## dates and certain observations

# dates and certain observations

Hi,

I have the following problem I have been struggling with. I have two data sets which I have merged. One is a set of historical pricing data and the other is the trading data for an individual.

I'll start by describing the data:

CUSIP - This is the stock id

Date     - I have daily historical pricing data for each cusip (i.e. stock).

Price    - This is the corresponding historical price for that date and stock

Shares - indicates the number of shares that the trader purchases

trandate - This is the date of the purchase and should mate the date

subsample - This is an indicator variable that is 1 for all  days when date =trandate (i.e. this is when the trader traded)

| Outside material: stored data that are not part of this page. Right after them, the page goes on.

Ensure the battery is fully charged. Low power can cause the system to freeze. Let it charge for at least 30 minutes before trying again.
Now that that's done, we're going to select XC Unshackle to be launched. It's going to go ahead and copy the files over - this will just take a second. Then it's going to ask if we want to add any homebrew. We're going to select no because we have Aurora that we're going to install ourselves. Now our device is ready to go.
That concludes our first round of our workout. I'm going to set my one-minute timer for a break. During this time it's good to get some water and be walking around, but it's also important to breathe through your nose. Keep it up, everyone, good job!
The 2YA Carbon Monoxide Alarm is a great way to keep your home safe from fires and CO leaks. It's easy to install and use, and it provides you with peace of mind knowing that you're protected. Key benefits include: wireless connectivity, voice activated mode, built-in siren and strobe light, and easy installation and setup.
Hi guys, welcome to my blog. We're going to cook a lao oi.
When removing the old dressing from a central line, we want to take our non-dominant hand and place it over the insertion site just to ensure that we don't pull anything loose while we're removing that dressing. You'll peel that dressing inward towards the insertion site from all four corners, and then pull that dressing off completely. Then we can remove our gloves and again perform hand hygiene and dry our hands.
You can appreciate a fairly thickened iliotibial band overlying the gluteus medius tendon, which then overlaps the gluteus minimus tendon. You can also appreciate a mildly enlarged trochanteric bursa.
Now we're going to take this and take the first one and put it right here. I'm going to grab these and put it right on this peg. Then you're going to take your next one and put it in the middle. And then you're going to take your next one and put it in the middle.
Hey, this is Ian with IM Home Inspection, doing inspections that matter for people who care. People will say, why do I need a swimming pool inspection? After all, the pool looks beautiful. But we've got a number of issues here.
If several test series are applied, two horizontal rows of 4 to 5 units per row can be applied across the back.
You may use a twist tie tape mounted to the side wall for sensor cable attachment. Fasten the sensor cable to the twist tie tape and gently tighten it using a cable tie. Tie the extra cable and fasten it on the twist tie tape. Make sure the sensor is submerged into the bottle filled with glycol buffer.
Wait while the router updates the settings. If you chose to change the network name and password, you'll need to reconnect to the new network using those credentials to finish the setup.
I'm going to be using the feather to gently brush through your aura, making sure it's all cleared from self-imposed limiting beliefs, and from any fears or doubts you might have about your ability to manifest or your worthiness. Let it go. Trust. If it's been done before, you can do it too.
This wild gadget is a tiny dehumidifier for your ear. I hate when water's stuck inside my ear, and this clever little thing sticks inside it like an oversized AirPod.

cusip           date           price      shares      prices      trandate      subsample

1      222      1011985           5.15           .           .                .                          .

2      222      2011985           4.14           45           4.2           2011985        1

3      222      3011985            6.16           .           .                .                         .

4      222      4011985           20                .           .                .                         .

5      222      5011985           2.41           34           5.2           5011985         1

6      222      6011985           3.24           .                .                .                     .

7      222      7011985           5.25           .                .                .                     .

8      222      8011985           2.56           .                .                .                     .

9      222      9011985           2.25           .                .                .                     .

10     222      10011985           5.6           .                .                .                    .

11      333     1011985           3.52           .                .                .                    .

12      333      2011985           4.14           .                .                .                   .

13      333      3011985           7.23           .                .                .                   1

14      333      4011985           1.45           .                .                .                    .

15      333      5011985           5.63           .                .                .                    .

16      333      6011985           5.13           .                .                .                    .

17      333      7011985           5.25           23           5.42      7011985          1

18      333      8011985           5.12           .                 .                .                    .

19      333      9011985           2.34           .                  .                .                   .

20      333      10011985      7.65                .                .                .                   .

21      444        01011985             5.40          .                    .               .             .

22      444        02011985              6.40          .                    .               .             .

I am trying to do the following things

• I want to create a new sub sample which remove all the data for a security when there is not a single trader transaction over the entire period (i.e. the last 4 columns never display any data) for that security. In the case of the data above this would mean keeping all the data except for the final two lines because the trader never traded security 444.

Any help is greatly appreciated!!!

‎11-19-2013 08:04 AM
## Re: dates and certain observations

Posted in reply to wschnell1

Hi,

If I've understood you correctly, how about:

1. Sort by cusip and descending subsample

2. Read the data using the by variables, only keeping the records if the subsample for the first.cusip was 1

3. Resort into original order if required.

Regards,

Amir.

## Re: dates and certain observations

Posted in reply to wschnell1

Amir's approach is pretty much how I would've gone naturally.

However, there are approaches that are more difficult to implement but far more performant than double sorting if your data set is tall and/or you wiish to repeat the process for many custommer merges. If performance of repeated sorting can become an issue, just reply and I'll try to propose an alternative that should take roughly 2 sequential reads of the data in the worst case scenario which alone is faster than a single sort.